*WHAT YOU ARE ASKED TO DO*
Using the line with "Nix Ultra Shampoo All-in-one" as your starting point, transcribe it and each line beneath it word for word until the records run out, without pictures.

*PROVIDED ENTRIES*

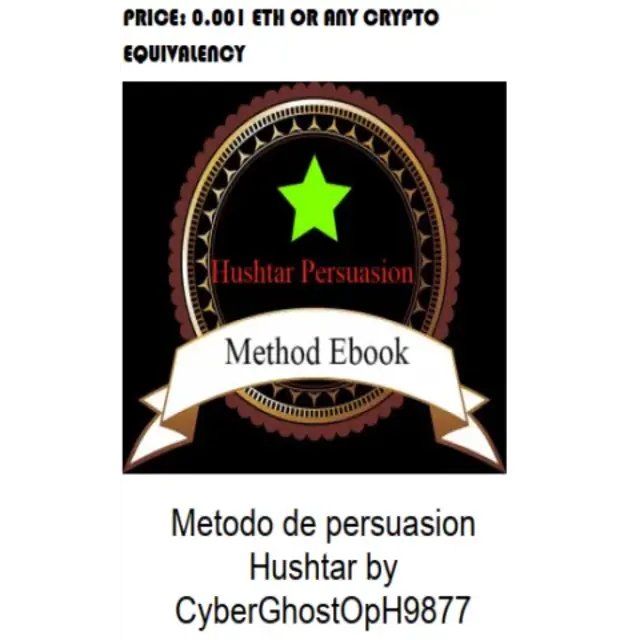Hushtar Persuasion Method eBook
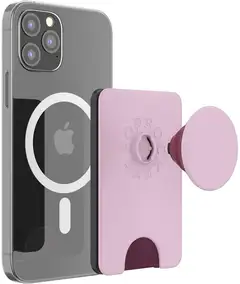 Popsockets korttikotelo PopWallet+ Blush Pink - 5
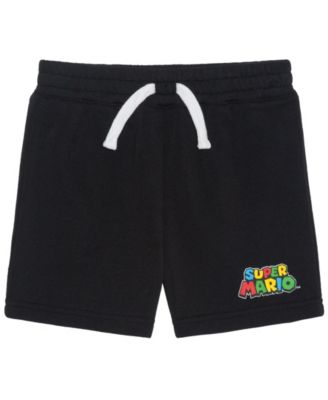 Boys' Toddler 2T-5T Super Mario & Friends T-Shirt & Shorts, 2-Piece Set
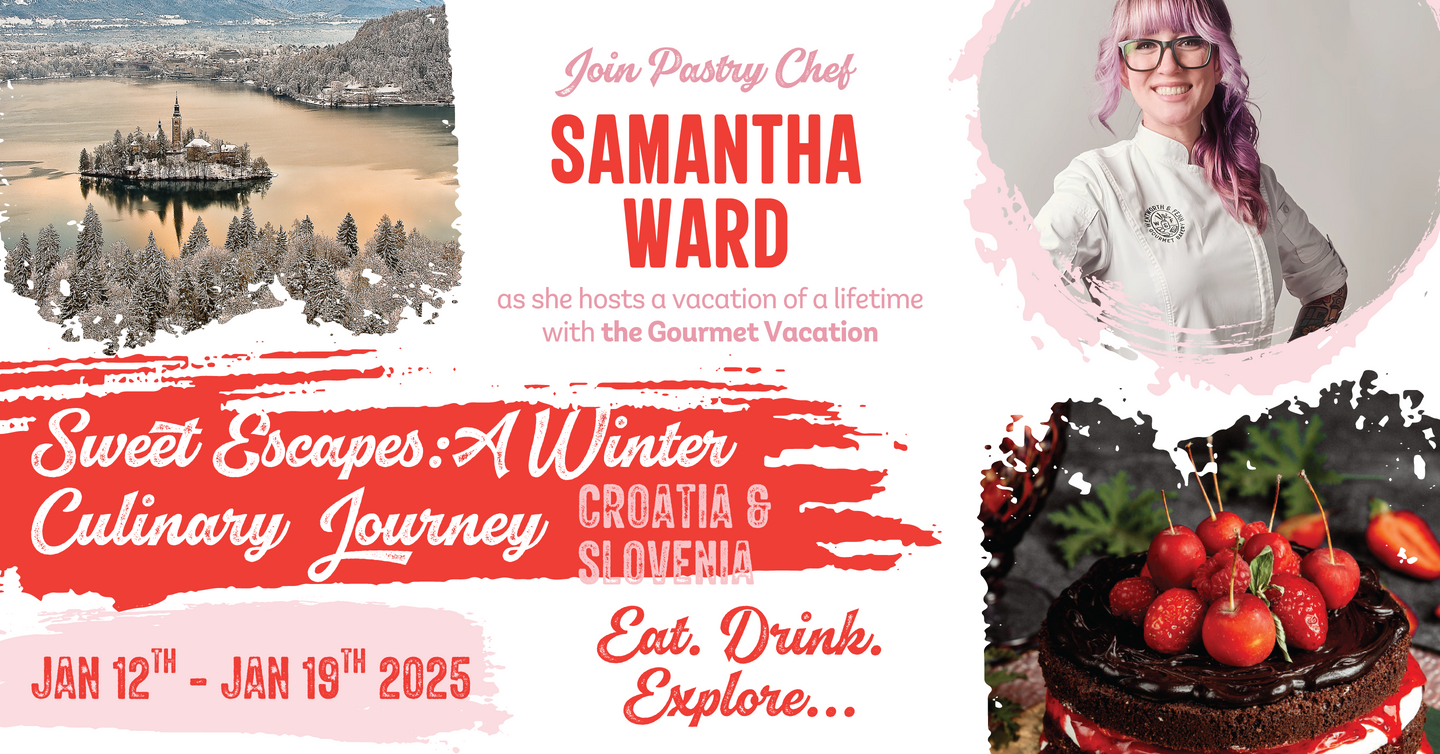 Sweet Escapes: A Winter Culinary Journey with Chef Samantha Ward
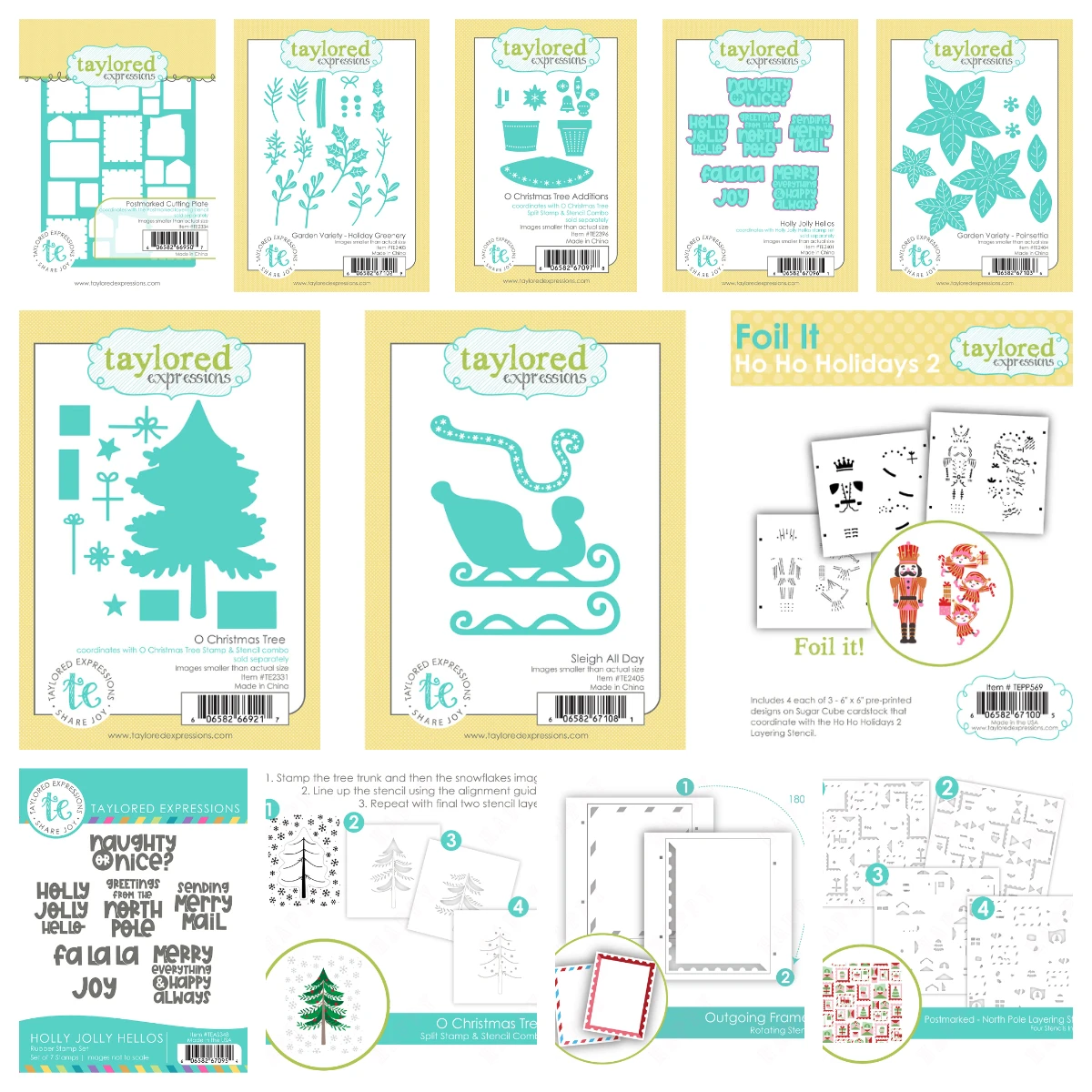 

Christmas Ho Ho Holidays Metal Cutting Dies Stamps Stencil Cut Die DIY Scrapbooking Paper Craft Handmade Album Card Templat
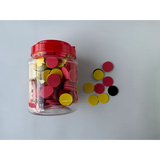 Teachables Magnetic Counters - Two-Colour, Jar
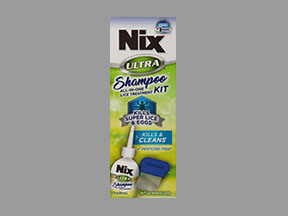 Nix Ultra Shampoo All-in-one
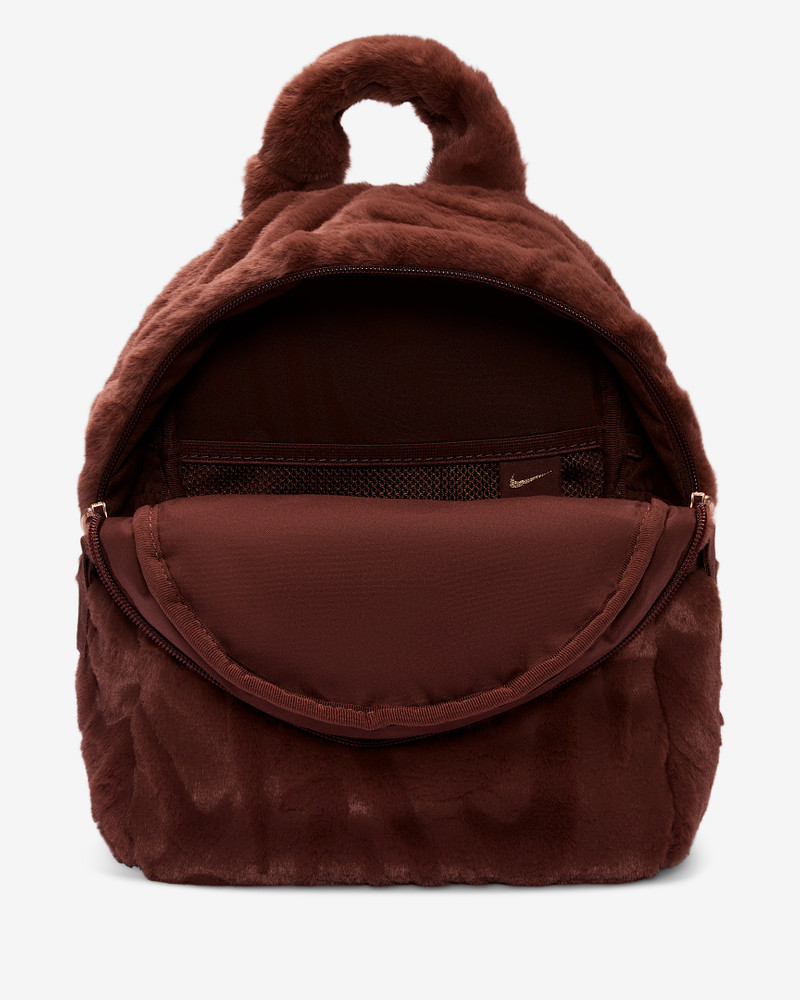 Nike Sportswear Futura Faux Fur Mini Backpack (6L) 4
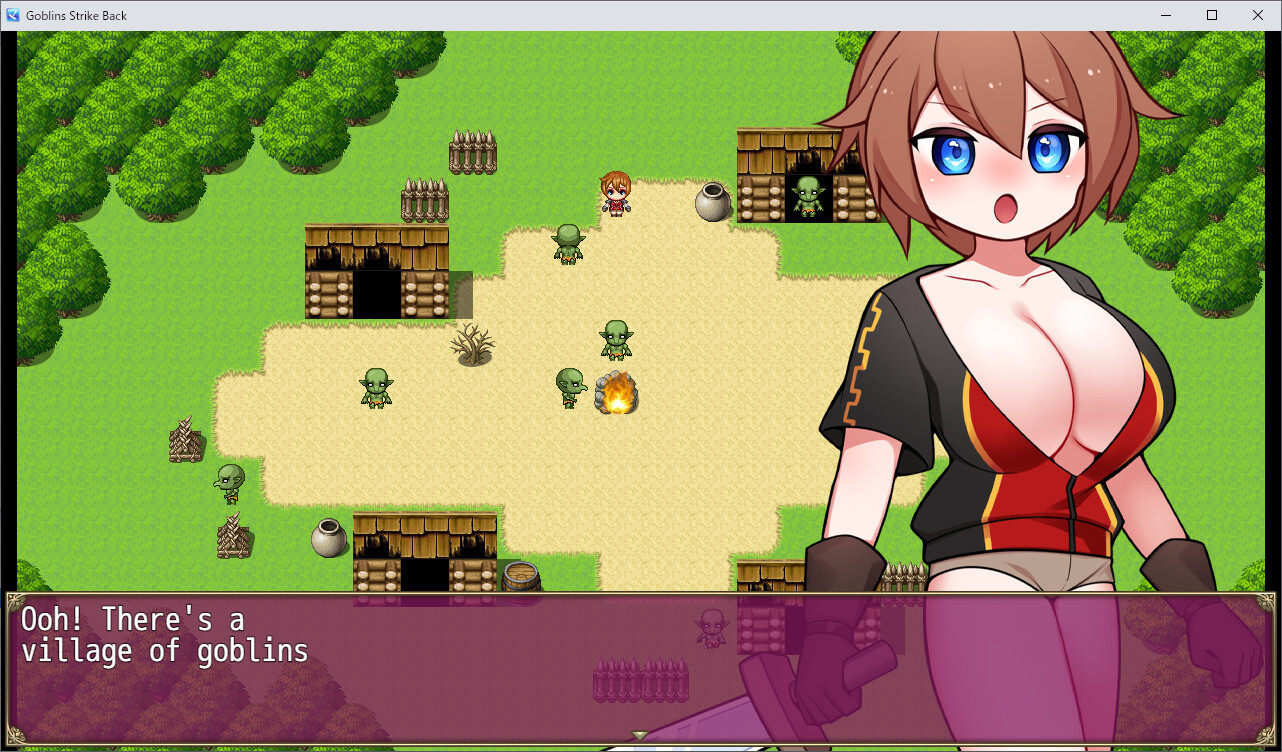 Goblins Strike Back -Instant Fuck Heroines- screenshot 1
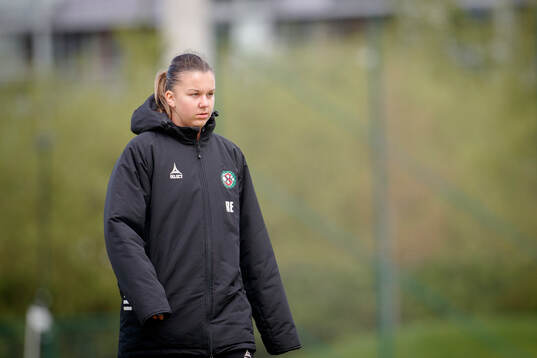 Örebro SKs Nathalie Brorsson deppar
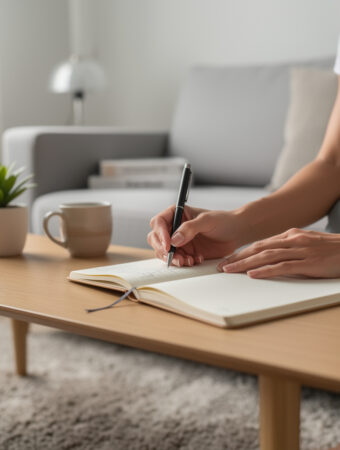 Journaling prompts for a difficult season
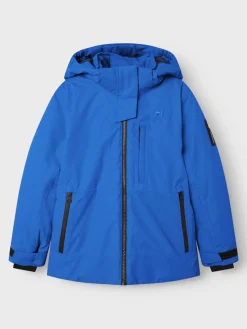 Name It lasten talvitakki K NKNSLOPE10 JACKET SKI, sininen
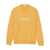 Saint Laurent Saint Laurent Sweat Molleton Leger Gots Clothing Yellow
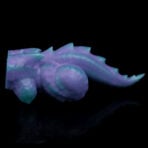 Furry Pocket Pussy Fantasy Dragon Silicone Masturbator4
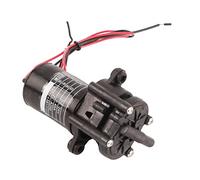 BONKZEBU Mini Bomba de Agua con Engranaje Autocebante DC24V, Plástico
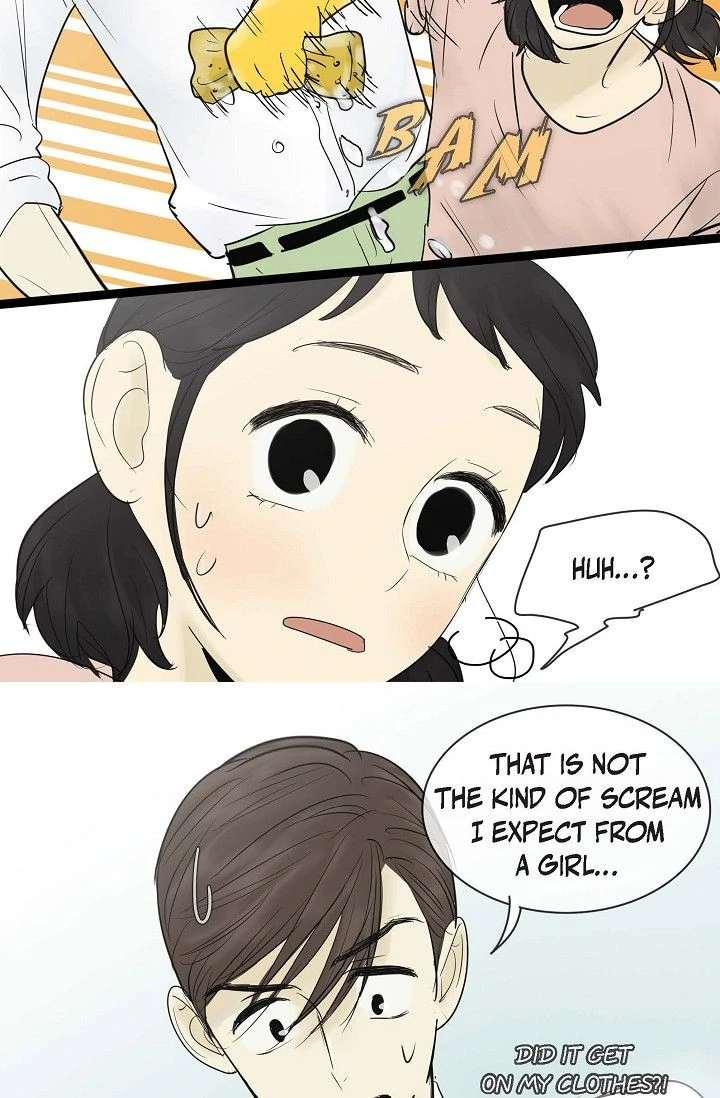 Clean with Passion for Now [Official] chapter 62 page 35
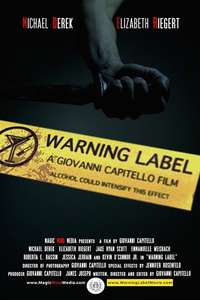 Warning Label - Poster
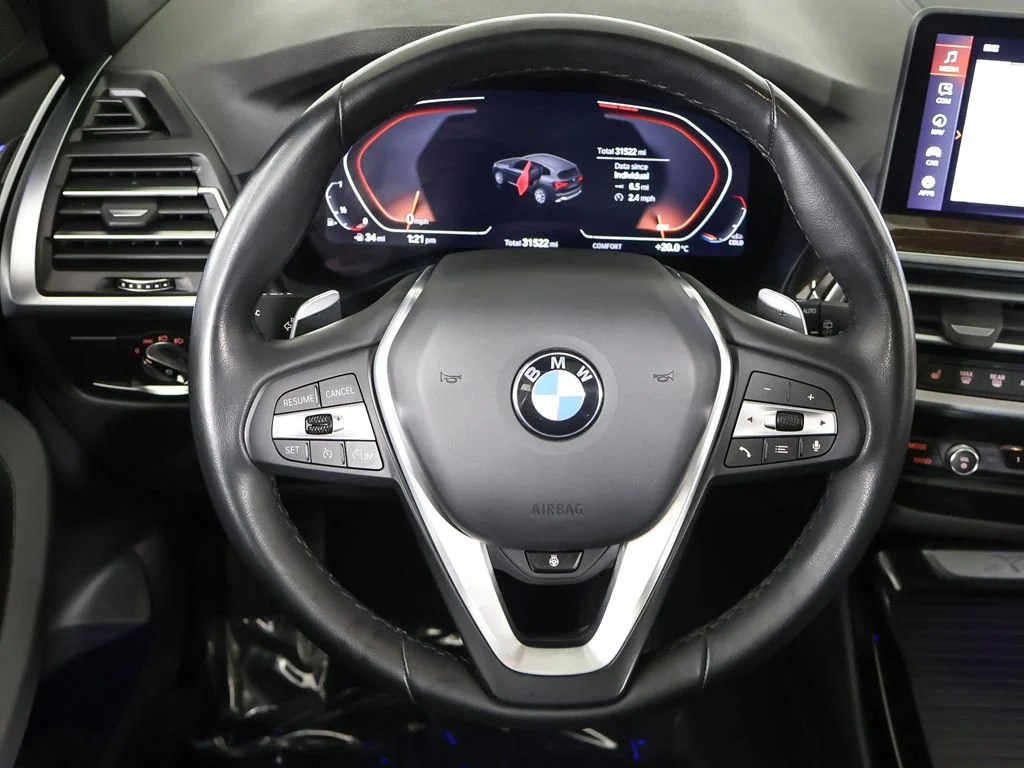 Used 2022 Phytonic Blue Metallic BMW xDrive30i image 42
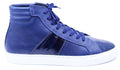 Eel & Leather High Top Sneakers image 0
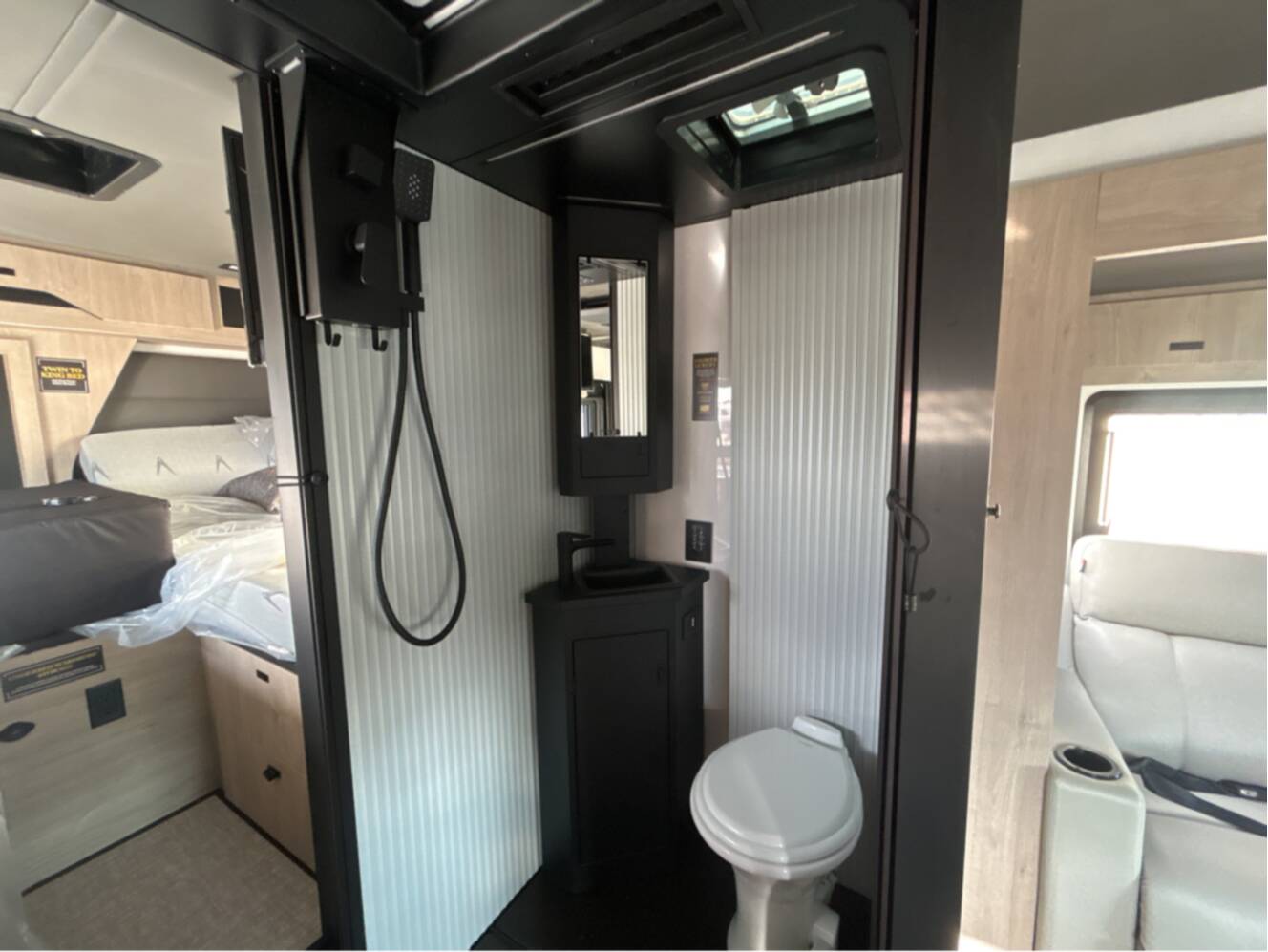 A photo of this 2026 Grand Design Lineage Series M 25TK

*SOLUTION TO THIS PROBLEM*
 Nix Ultra Shampoo All-in-one
 Nike Sportswear Futura Faux Fur Mini Backpack (6L) 4
 Goblins Strike Back -Instant Fuck Heroines- screenshot 1
 Örebro SKs Nathalie Brorsson deppar
 Journaling prompts for a difficult season
 Name It lasten talvitakki K NKNSLOPE10 JACKET SKI, sininen
 Saint Laurent Saint Laurent Sweat Molleton Leger Gots Clothing Yellow
 Furry Pocket Pussy Fantasy Dragon Silicone Masturbator4
 BONKZEBU Mini Bomba de Agua con Engranaje Autocebante DC24V, Plástico
 Clean with Passion for Now [Official] chapter 62 page 35
 Warning Label - Poster
 Used 2022 Phytonic Blue Metallic BMW xDrive30i image 42
 Eel & Leather High Top Sneakers image 0
 A photo of this 2026 Grand Design Lineage Series M 25TK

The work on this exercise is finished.